## PROVIDED RECORDS
"""
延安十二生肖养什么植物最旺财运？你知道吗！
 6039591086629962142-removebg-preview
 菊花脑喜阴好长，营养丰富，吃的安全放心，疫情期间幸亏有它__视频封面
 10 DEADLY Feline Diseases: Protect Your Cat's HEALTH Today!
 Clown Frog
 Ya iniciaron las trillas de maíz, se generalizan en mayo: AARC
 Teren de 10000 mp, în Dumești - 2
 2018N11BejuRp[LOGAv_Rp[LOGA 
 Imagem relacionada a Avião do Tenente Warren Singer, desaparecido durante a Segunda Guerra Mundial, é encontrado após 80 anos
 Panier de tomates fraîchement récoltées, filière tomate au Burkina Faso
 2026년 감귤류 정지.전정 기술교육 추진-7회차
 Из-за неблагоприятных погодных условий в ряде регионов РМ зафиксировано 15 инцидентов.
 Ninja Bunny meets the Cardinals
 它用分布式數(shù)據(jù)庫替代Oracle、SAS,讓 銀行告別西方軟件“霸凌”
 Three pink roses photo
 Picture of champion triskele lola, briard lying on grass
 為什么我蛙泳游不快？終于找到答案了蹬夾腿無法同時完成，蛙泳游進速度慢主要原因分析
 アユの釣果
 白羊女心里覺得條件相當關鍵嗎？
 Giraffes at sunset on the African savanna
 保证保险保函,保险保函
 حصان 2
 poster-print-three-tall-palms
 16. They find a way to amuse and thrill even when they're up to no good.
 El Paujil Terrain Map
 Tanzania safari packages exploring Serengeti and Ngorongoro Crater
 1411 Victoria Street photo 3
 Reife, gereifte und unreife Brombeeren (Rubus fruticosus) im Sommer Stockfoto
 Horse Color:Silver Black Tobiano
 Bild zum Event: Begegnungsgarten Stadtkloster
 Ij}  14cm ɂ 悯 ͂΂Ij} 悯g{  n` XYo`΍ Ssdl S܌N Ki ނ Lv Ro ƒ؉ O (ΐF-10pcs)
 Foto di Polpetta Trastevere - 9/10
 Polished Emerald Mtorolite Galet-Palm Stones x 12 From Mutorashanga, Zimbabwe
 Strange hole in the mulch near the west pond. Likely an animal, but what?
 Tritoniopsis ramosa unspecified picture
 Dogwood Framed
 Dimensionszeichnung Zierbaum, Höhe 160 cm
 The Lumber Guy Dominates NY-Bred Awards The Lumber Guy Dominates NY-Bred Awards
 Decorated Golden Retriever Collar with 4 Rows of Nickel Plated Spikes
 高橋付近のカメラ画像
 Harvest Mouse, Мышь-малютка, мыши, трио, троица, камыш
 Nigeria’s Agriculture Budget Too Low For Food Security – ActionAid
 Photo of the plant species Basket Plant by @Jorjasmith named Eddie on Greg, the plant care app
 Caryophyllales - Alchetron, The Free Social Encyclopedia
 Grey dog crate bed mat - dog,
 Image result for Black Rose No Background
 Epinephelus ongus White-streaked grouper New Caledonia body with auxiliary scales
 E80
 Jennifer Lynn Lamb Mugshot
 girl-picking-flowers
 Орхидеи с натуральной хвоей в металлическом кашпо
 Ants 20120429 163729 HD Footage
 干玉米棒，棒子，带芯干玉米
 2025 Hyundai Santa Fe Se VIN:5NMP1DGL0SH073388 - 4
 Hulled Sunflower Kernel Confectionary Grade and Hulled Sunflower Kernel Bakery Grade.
"""
Please reproduce exactly the lines in the listing above from the one containing "1411 Victoria Street photo 3" through the one containing "Bild zum Event: Begegnungsgarten", both included, and nothing more.

## SOLVED PROBLEM
 1411 Victoria Street photo 3
 Reife, gereifte und unreife Brombeeren (Rubus fruticosus) im Sommer Stockfoto
 Horse Color:Silver Black Tobiano
 Bild zum Event: Begegnungsgarten Stadtkloster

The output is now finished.